SUSAN CANDIOTTI, CNN CORRESPONDENT: Hello, Carol. And again, the decision the county canvassing board made was, again, made after an advisory opinion from Secretary of State Katharine Harris, the one that -- that decision that is so controversial at this hour.
Well, in just a few minutes from now, attorneys representing the Dade -- the Broward county Democratic Party expect to be arriving here at the Broward county courthouse in Fort Lauderdale to begin a legal challenge. They intend to ask the court here for an emergency hearing to challenge the decision made last night by the canvassing board here in Broward county. That decision made, as you recounted just moments ago, where they recounted three precincts which represents about one percent of the vote. And that recanvassing turned up four extra votes for Vice President Gore.

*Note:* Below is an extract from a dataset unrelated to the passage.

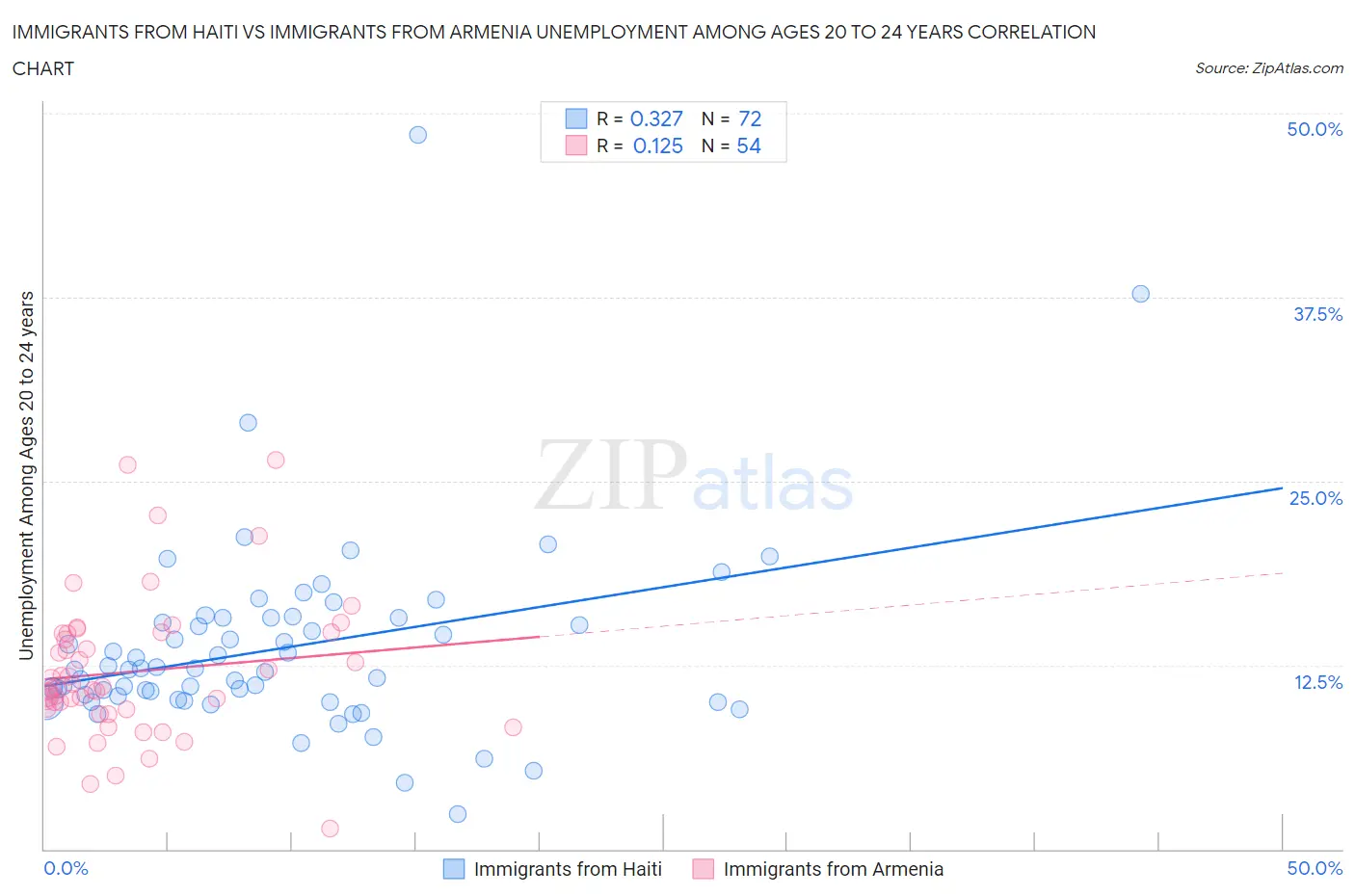 Immigrants from Haiti vs Immigrants from Armenia Unemployment Among Ages 20 to 24 years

The canvassing board decided not to do a manual recount of all 564,000 votes. This county, Gore busted Governor Bush by a two-to-one margin. And so the Democrats are not satisfied with the decision made by canvassing board. Again, they will ask for an emergency hearing to challenge that decision, and they don't know how long it might take to get an emergency hearing. It remains unclear -- Carol.
LIN: Susan, did they expect a decision today, and if so, how are they impacted then by the 5:00 p.m. deadline to have all votes certified according to secretary of state of Florida?
CANDIOTTI: Well, certainly, attorneys representing the Democratic Party here in Broward hope to get a hearing as early as today, but that, of course, is up to a judge to decide. How it would impact the certification deadline at 5:00 remains unclear. But, of course, because of all of these legal challenges that are in play, it is the hope of the Democrats to try to extend that deadline, just as Democrats are hoping that occurs in other parts of the state as well.
LIN: All right, it seems to get more confusing than clear. Thank you very much, Susan Candiotti, reporting live from Fort Lauderdale, Florida.